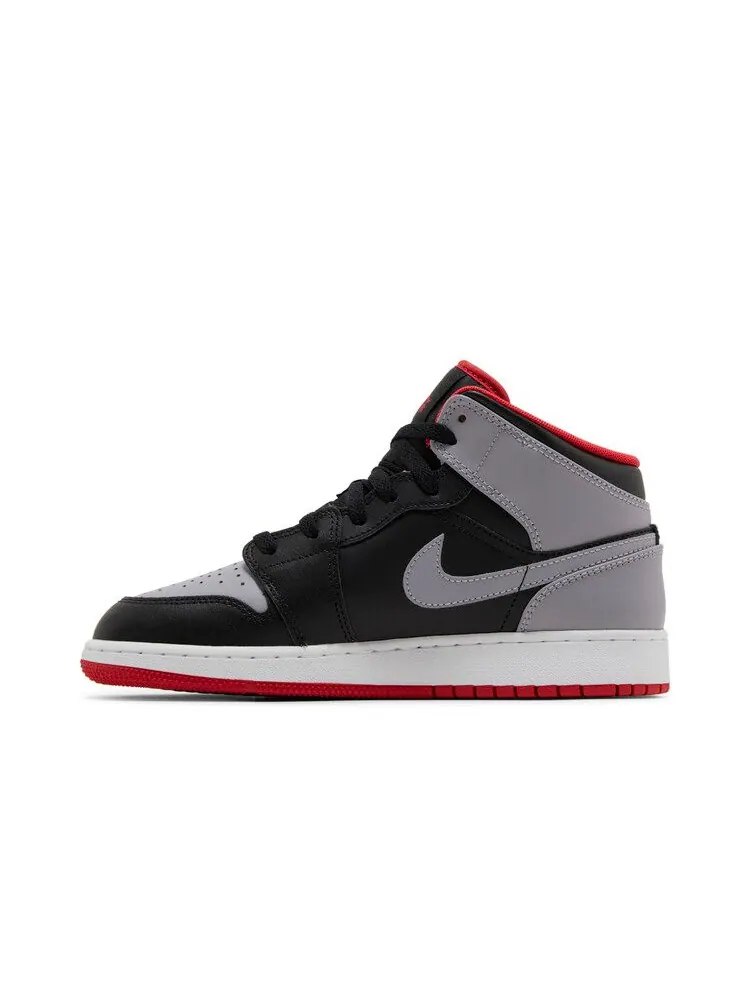 Кроссовки Air Jordan Air Jordan 1 Mid GS 'Bred Shadow' — изображение 4 из 9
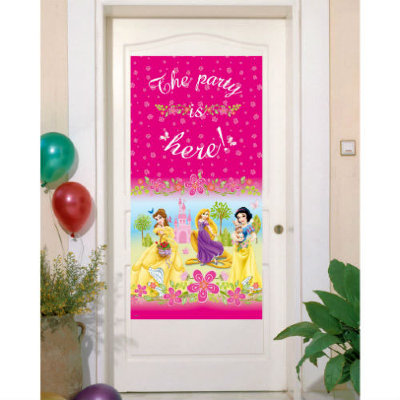 Баннер на дверь &#039;Принцессы Дисней&#039;, 76х152 см, Procos [80464] Баннер на дверь 'Принцессы Дисней', 76х152 см, Procos [80464]
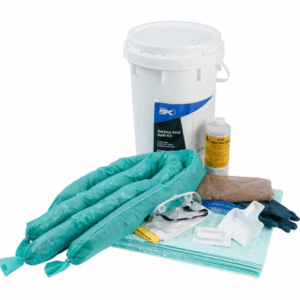 Kit para derrames de ácido de batería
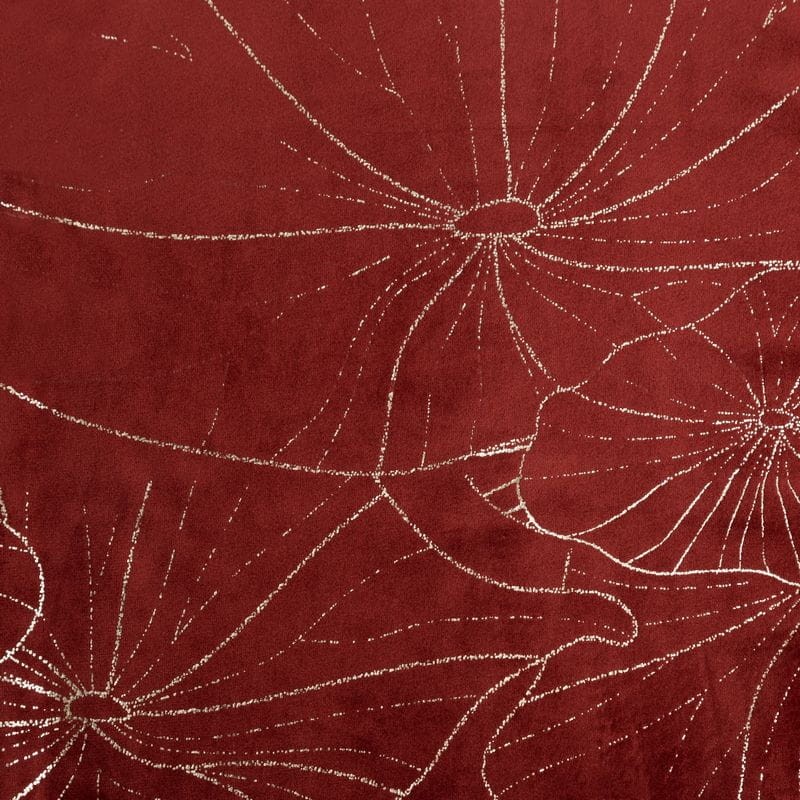 OBRUS WELUR VELVET BIEŻNIK 35 X 220 CM CEGLANY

= = = = =

ASSIGNMENT.
Transcribe the whole listing above exactly and leave out the pictures.

EXERCISE ANSWER.
 Кроссовки Air Jordan Air Jordan 1 Mid GS 'Bred Shadow' — изображение 4 из 9
 Баннер на дверь &#039;Принцессы Дисней&#039;, 76х152 см, Procos [80464] Баннер на дверь 'Принцессы Дисней', 76х152 см, Procos [80464]
 Kit para derrames de ácido de batería
 OBRUS WELUR VELVET BIEŻNIK 35 X 220 CM CEGLANY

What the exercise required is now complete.